• _TASK GOAL_: Reproduce the data below exactly. Skip the pictures.

• _RECORDED INFORMATION_:
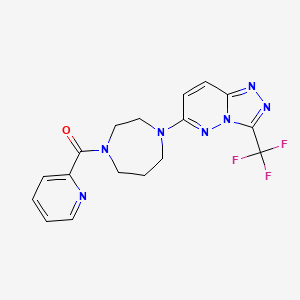molecular formula C17H16F3N7O B2362884 Pyridin-2-yl-[4-[3-(trifluoromethyl)-[1,2,4]triazolo[4,3-b]pyridazin-6-yl]-1,4-diazepan-1-yl]methanone CAS No. 2380166-75-4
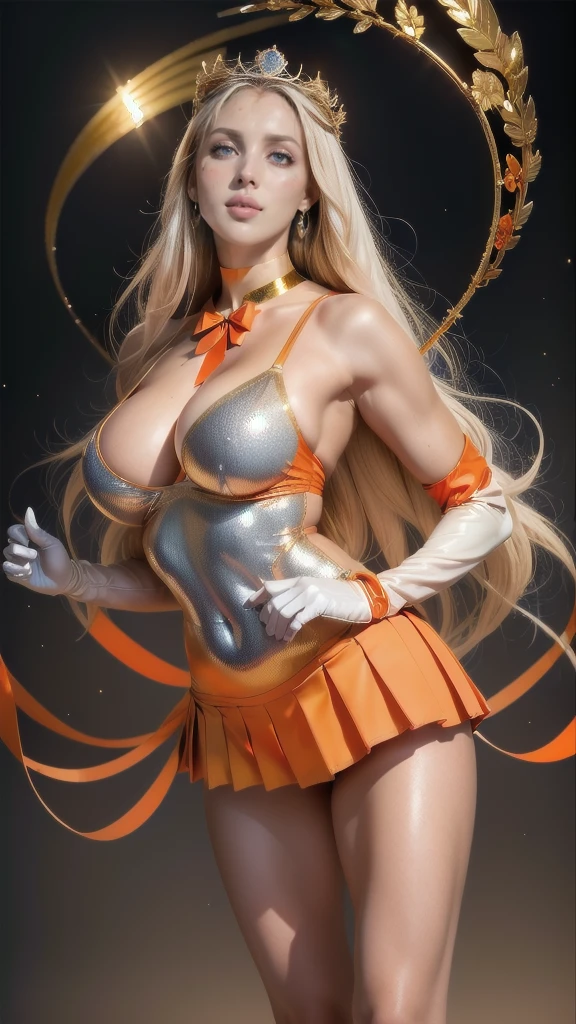 underneath, full: 1.3, stand up, masutepiece, 3d, realistic,  ultramicro photo ,  in the highest quality,  ultra detailed wallpaper 8k ,  intricate details , (female: 1 person), 28 years old, (nsfw),((  Luxurious Large Forehead Gold Tiara :1.6, Dark orange color, deep orange sailor's color  , Pleated Mini Skirt ultra sexy dark orange : 1.3, The pants are visible,  dark orange gloves on the elbows ,,,,,,:1.1,  very large dark blue ribbon in the center of the chest ,,,,,,: 1.6,,, um red bow muito grande na parte de trás da cabeça,,,,:1.3)),(, sailor senshi uniform, orange skirt, elbow pads, Earth,  orange sailor's collar , red bow, orange choker, white gloves, joy), bare upper arms :1.4,
,  Incredibly long blonde ,  smooth and very shiny : 1.2,  long blond hair,  smooth and beautiful shiny : 1.2, Sailor Venus, Minako Aino,( uniform by Sailor Senshi revealed ,  bare upper arms : 1.5,  Luxurious gold decoration : 1.2,  Long white latex gloves with luxurious gold decoration : 1.3,  very large yellow ribbon behind the waist ,,,,,: 1.1, orange choker,  The neckline seems sexy and daring oversized ,  Orange Heart Shaped Earrings )),  Dynamic Golden Chain ,  dynamic angles ,(( fighting position )),highly dramatic image, 
(( seductive smile ,  very pretty face , facial details: 1.5,  very bright blue eyes ,  beautiful face , beautiful eyes, Iris contour,thin lips: 1.3,  thin and sharp and pale eyebrows ,  long, dark lashes ,  double lashes )),  Luxurious Full Body Gold Jewelry , ( Shiny silver-white holographic leather , fine and tight : 1.3),  Ultra-high Cut Silver White Swimsuit ,  huge white wings ,  thin and muscular muscles , Muscular abs,  a small face, Huge breasts,  perfect proportions ,  thin waist, sexy model pose, [visible pores, Perfect Hands: 1.5, octane rendering,  Strong natural light, sunlight,  exquisite lighting and shade ,  DSLR harp , focus: 1.0, Maximum c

• _RESPONSE_:
molecular formula C17H16F3N7O B2362884 Pyridin-2-yl-[4-[3-(trifluoromethyl)-[1,2,4]triazolo[4,3-b]pyridazin-6-yl]-1,4-diazepan-1-yl]methanone CAS No. 2380166-75-4
 underneath, full: 1.3, stand up, masutepiece, 3d, realistic,  ultramicro photo ,  in the highest quality,  ultra detailed wallpaper 8k ,  intricate details , (female: 1 person), 28 years old, (nsfw),((  Luxurious Large Forehead Gold Tiara :1.6, Dark orange color, deep orange sailor's color  , Pleated Mini Skirt ultra sexy dark orange : 1.3, The pants are visible,  dark orange gloves on the elbows ,,,,,,:1.1,  very large dark blue ribbon in the center of the chest ,,,,,,: 1.6,,, um red bow muito grande na parte de trás da cabeça,,,,:1.3)),(, sailor senshi uniform, orange skirt, elbow pads, Earth,  orange sailor's collar , red bow, orange choker, white gloves, joy), bare upper arms :1.4,
,  Incredibly long blonde ,  smooth and very shiny : 1.2,  long blond hair,  smooth and beautiful shiny : 1.2, Sailor Venus, Minako Aino,( uniform by Sailor Senshi revealed ,  bare upper arms : 1.5,  Luxurious gold decoration : 1.2,  Long white latex gloves with luxurious gold decoration : 1.3,  very large yellow ribbon behind the waist ,,,,,: 1.1, orange choker,  The neckline seems sexy and daring oversized ,  Orange Heart Shaped Earrings )),  Dynamic Golden Chain ,  dynamic angles ,(( fighting position )),highly dramatic image, 
(( seductive smile ,  very pretty face , facial details: 1.5,  very bright blue eyes ,  beautiful face , beautiful eyes, Iris contour,thin lips: 1.3,  thin and sharp and pale eyebrows ,  long, dark lashes ,  double lashes )),  Luxurious Full Body Gold Jewelry , ( Shiny silver-white holographic leather , fine and tight : 1.3),  Ultra-high Cut Silver White Swimsuit ,  huge white wings ,  thin and muscular muscles , Muscular abs,  a small face, Huge breasts,  perfect proportions ,  thin waist, sexy model pose, [visible pores, Perfect Hands: 1.5, octane rendering,  Strong natural light, sunlight,  exquisite lighting and shade ,  DSLR harp , focus: 1.0, Maximum c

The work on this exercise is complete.